MEENAL: No, absolutely. And that has happened, like, all five fingers are not the same. So not every employee is that perfect blend of business and tech for sure. So yes, those cases happen, but the realization also has to be that even with these individuals who are just so task-focused and doing like a brilliant job. So say, folks who work on the platform and folks who work on infrastructure, they still need to be able to even communicate to that manager in terms of the impact that their work has created. So I think that either way, communication and the ability to tell the story of what your work has done is also very important, irrespective of what role you are in. We all need to make an active effort. So yes, okay, don't place them in front of business because maybe they are not as comfortable talking in front of business, but then talking either to their broader team, because if they want to grow in their role or function tomorrow, if you're a principal engineer. Fine. You just talk to your boss, and you're this one and don't present to the business, but then even your manager has to fully understand the work that you have totally done, and you need to be able to communicate that. So there is a bit of that, and they can very clearly say, Hey, my area of interest is this. I'm not a businessperson, but this is what I do really well. And then you can question them on it and then understand if their communication skills are truly able again, too. Quantify the impact of the work that they deliver in the area that they deliver. Yes, absolutely we can, and we do that as well.
TIM: I wonder if this will be a good use case of AI then, because at the moment you could get ChatGPT to. Let's say a written message that's reworded your thoughts into something that sounds nice and businessy. Maybe the next evolution would be these kinds of avatars we might have of ourselves, where we send them to the meetings and they're translating what we've done into more appropriate language. Maybe that's where we'll be in a couple of years.
MEENAL: I wouldn't be surprised at the way all of this is evolving. I wouldn't be surprised at all. But let's hope that a little bit of that higher intelligence continues to stay with us. That we all have our jobs and that we all are able to do our jobs in the way that it is supposed to be done. But I see AI changing a lot of what we do for sure.
TIM: Yeah. The robots haven't quite taken over yet, so we're still in, in with the job. If you could ask our next guest one question about hiring, what would that question be?

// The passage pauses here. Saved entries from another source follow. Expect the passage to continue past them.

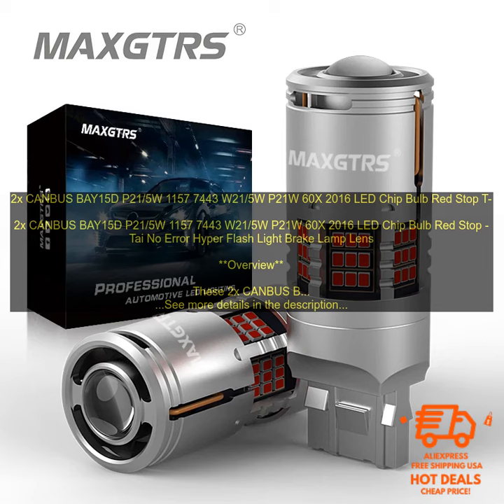They're made with high-quality LED chips that produce a bright, clear light that's perfect for seeing at night. Plus, they come with a built-in CANBUS chip that prevents error codes from appearing on your car's dashboard.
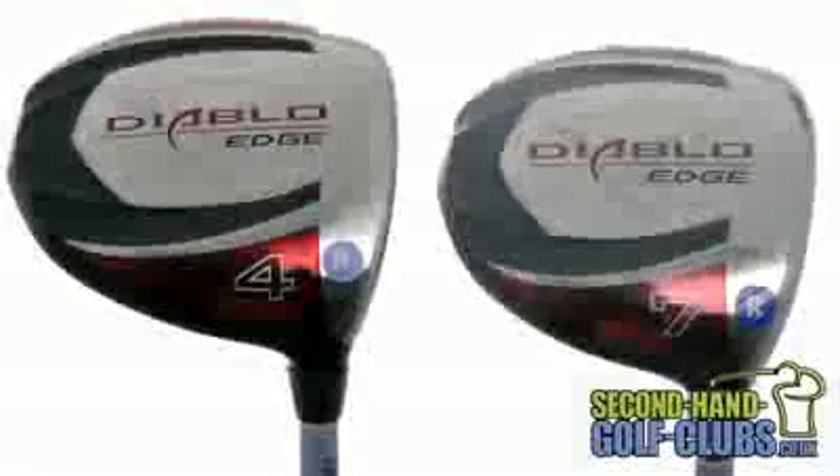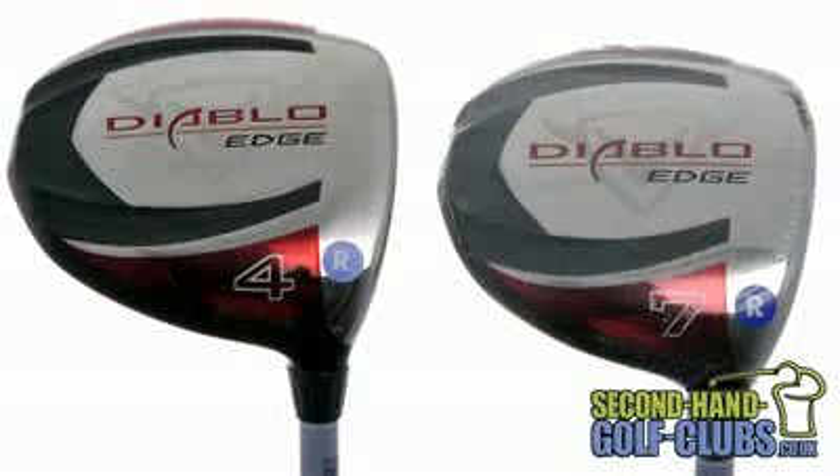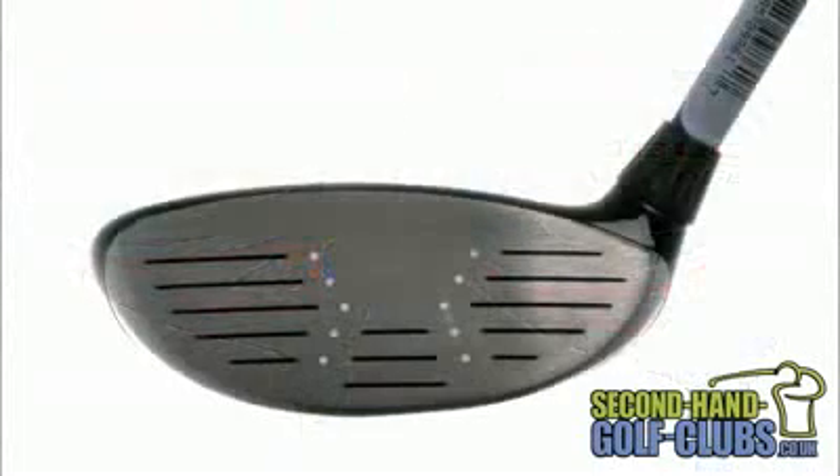Callaway engineers have worked hard to improve the popular Diablo fairway, but improvement wasn't the aim. Callaway say the Diablo Edge fairway will completely change your game, boasting a massive 10-12 yard increase in distance from the previous Diablo fairway by creating extreme perimeter weighting and an improvement to Callaway's legendary variable face thickness technology. You really do now have the edge over your playing partners.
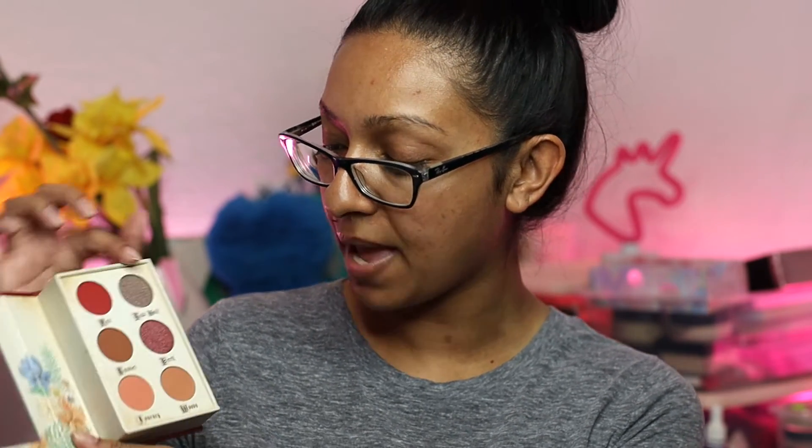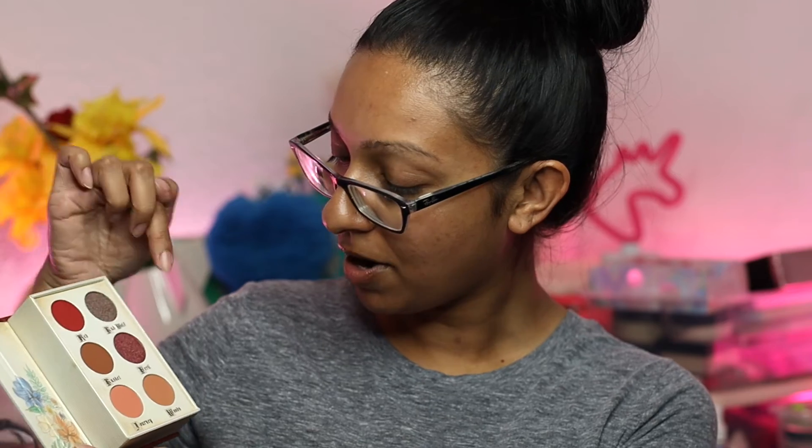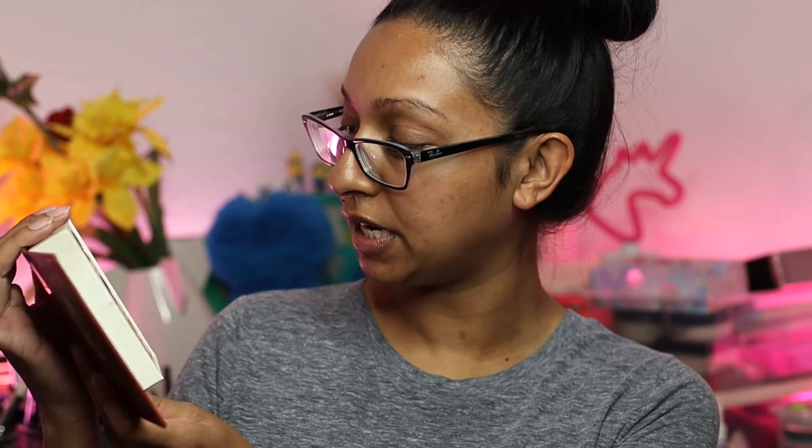The next product is a palette. It was between this one and a green version. This is from Fairy Tale Story Book Cosmetics — I've never tried their products but the packaging is really cute, it looks like a little book. When you open it there are six shades with a Little Red Riding Hood kind of theme: the colors are Red, Bad Wolf, Basket, Peril, Journey, and Woods. The red looks beautiful for Christmas time. This retails for $35.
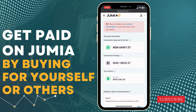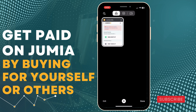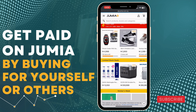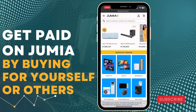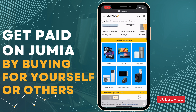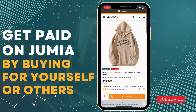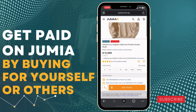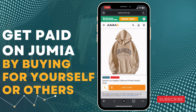Now that you have created your Jumia Cool account, let's go to the product you want to buy. Let's check out the particular product you want to buy — go to jumia.com. Just look for the particular product you want to buy, either from the website or from the app. Find the product you want to buy.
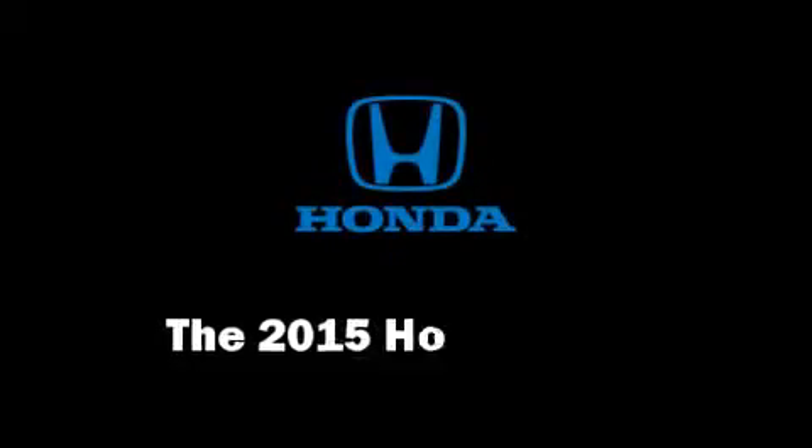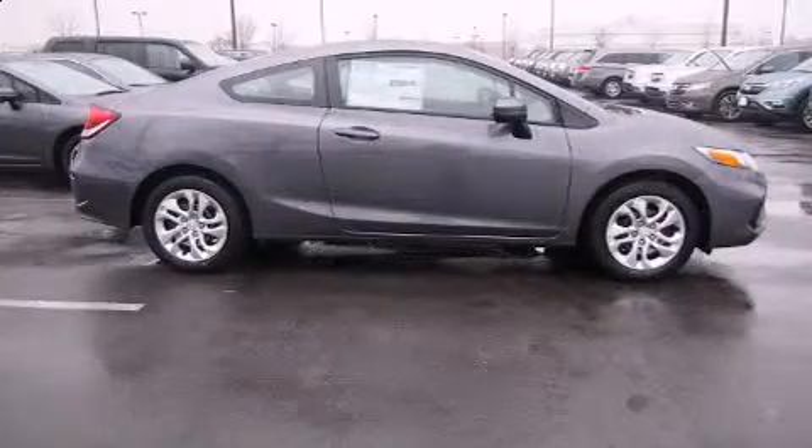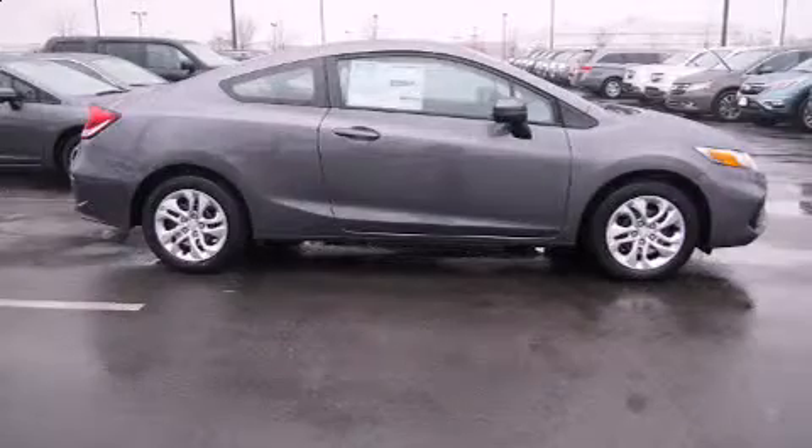The 2015 Honda Civic. This two-door, five-passenger coupe stands out among competitors in its class.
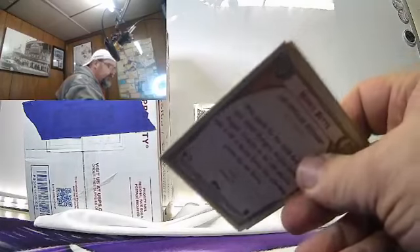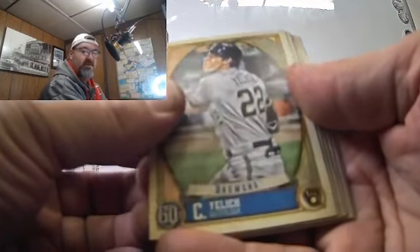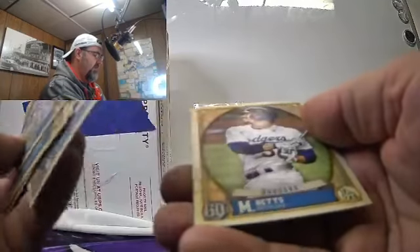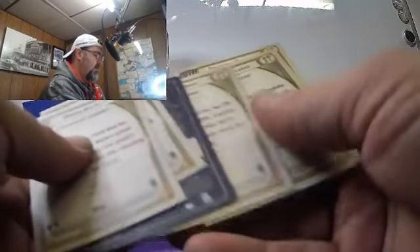2022 product is out. I pre-ordered a hobby box — it has not come in yet, so we'll do that rip coming up. A lot of stuff going on with that wanderer I guess, but not much else in there. Yelich, Castellanos, Cabrera, Arenado, Rosario, Mookie Betts. Not much going on.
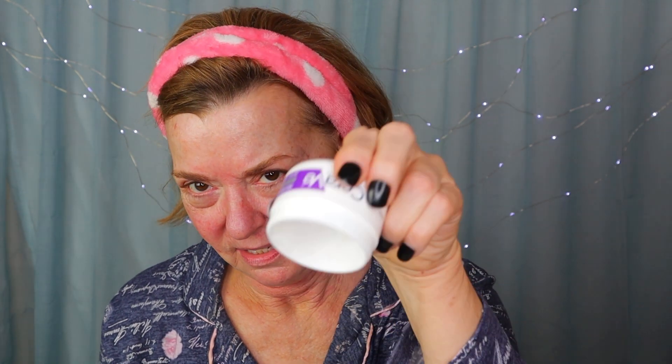The next step is my CeraVe Moisturizing Night Cream. I love this — it's a wonderfully rich emollient cream that comes in a jar. It's kind of thick so it doesn't fall out. I'll take about this much on my finger and rub that all over my face and down my neck.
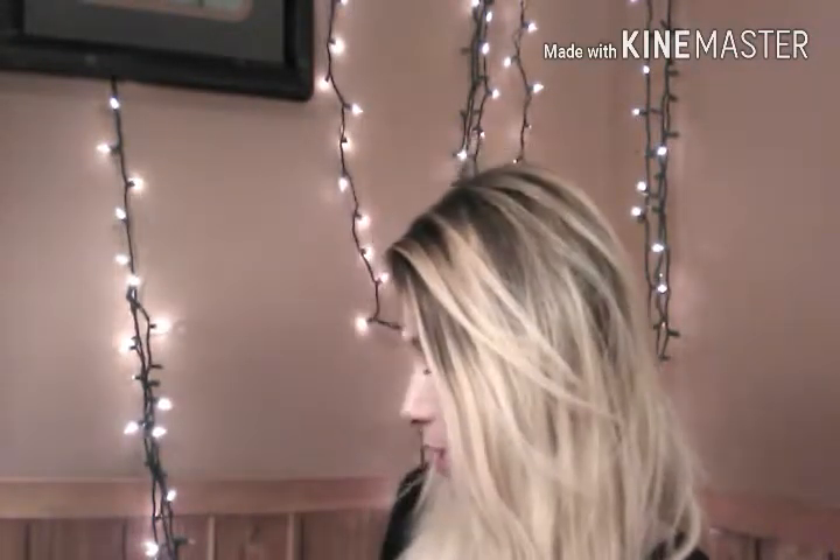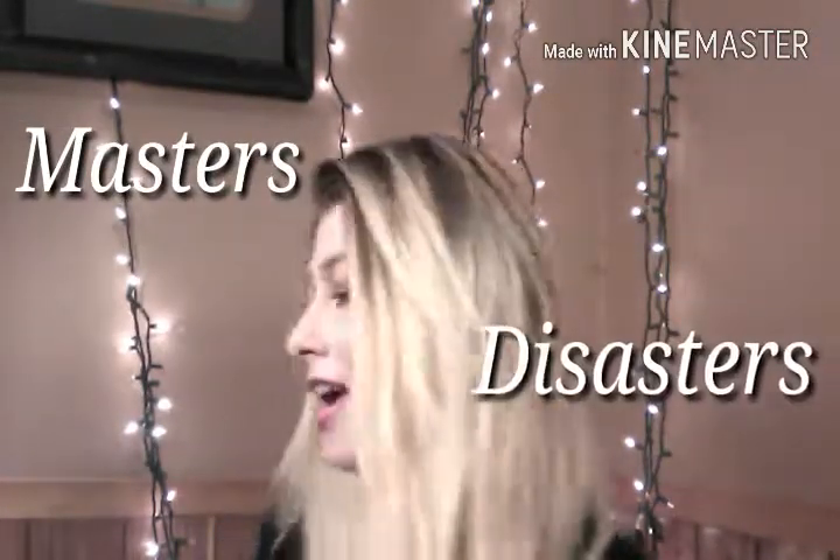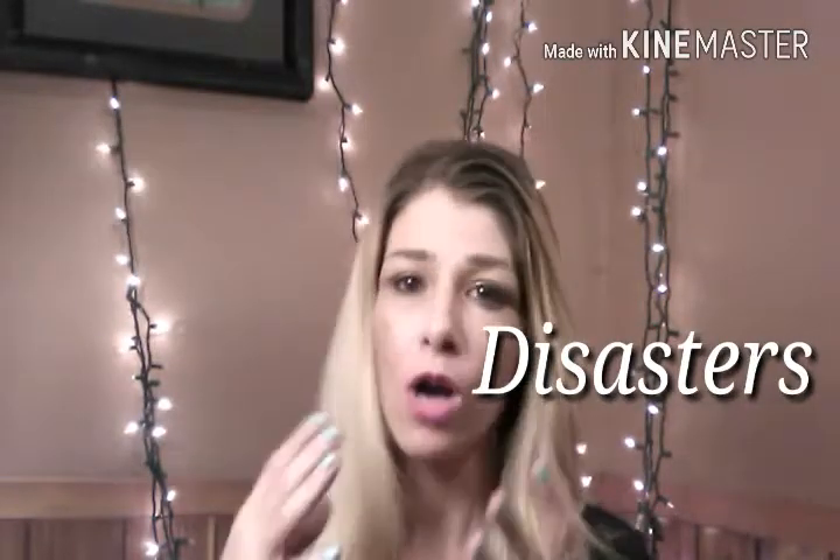Hello everybody, welcome to my channel! I'm Mandy. I've been thinking about this video for the last week - it's kind of a favorites and haters, but instead it's going to be Masters or Disasters. We're just going to be reviewing products - not a certain brand. I've got my Ipsy bag and my Boxycharm, but we're not reviewing the companies, just the products.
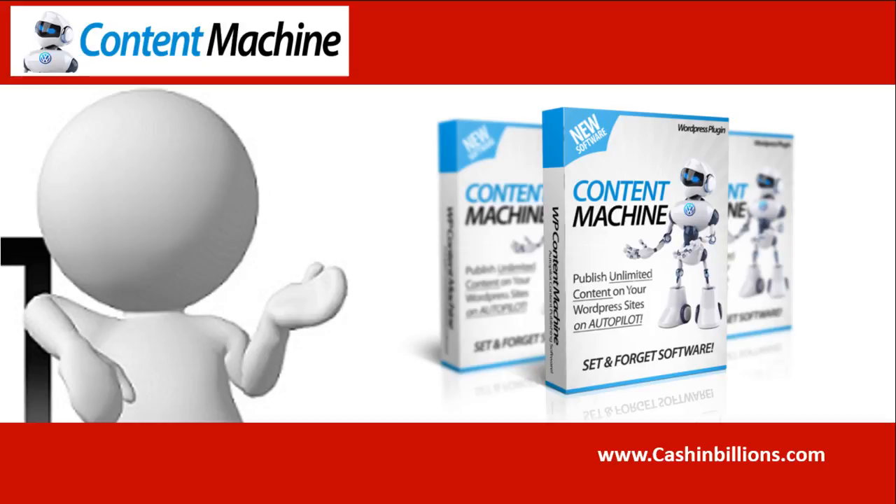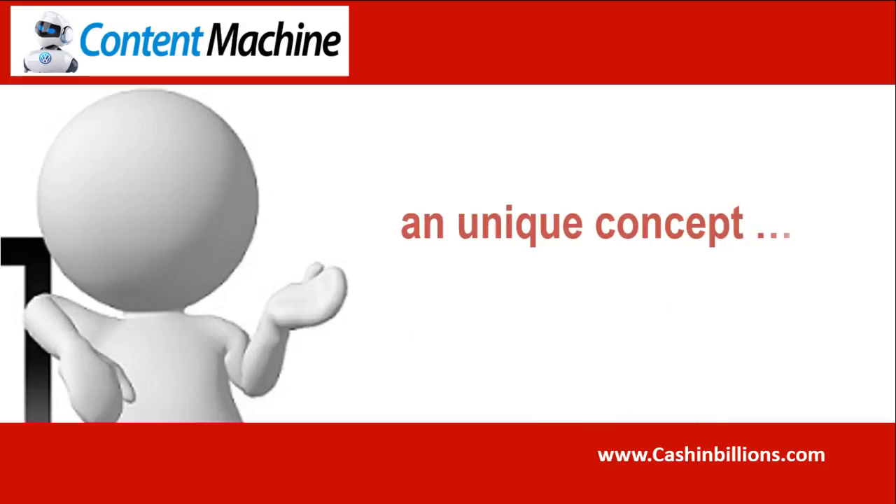With that being said, and with me now feeling that I have given an obligatory honest disclaimer, let's jump into WP Content Machine. Now, WP Content Machine is not by any means a unique concept. There could be probably a hundred or a trillion plugins and tools designed to get free content to your website, but I am sure you agree that there are plenty out there.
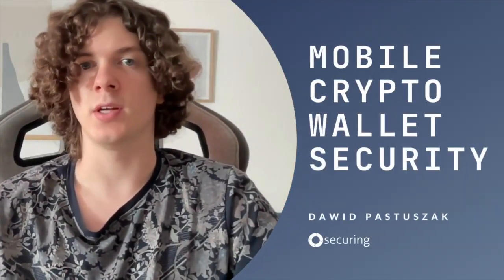Hi, my name is David. I'm a penetration tester at Securign and today we'll talk about mobile crypto wallet security. Enjoy!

MEENAL: So I, the one question I would ask, and I have various ways of, I have various answers for myself, but the one question I would ask is how do you know that a candidate that you are hiring will. Will be retained and will continue to stay with you in the organization, and what would you do to ensure that you answer that question to them if they ask you that? So that's one question I would ask because you get a great candidate. Now your biggest challenge is essentially how do you retain them and how do you keep them challenged? So that they can actually provide the value that you thought that they would bring for you and the team when you hired them. So that would be my question.
TIM: That's a great question. And one that we will put at a guest sometime next week. And we'll let you know what they said. Meenal, it's been a great conversation today. We've covered off a lot of grants. Be very interesting. Thank you so much for joining us and sharing your insights with our audience.
MEENAL: Nice. Thank you so much, Tim. I, it was fun, and you gave me a great product idea. So who knows? I'll make millions and give you a cut of it. So thank you again for inviting me.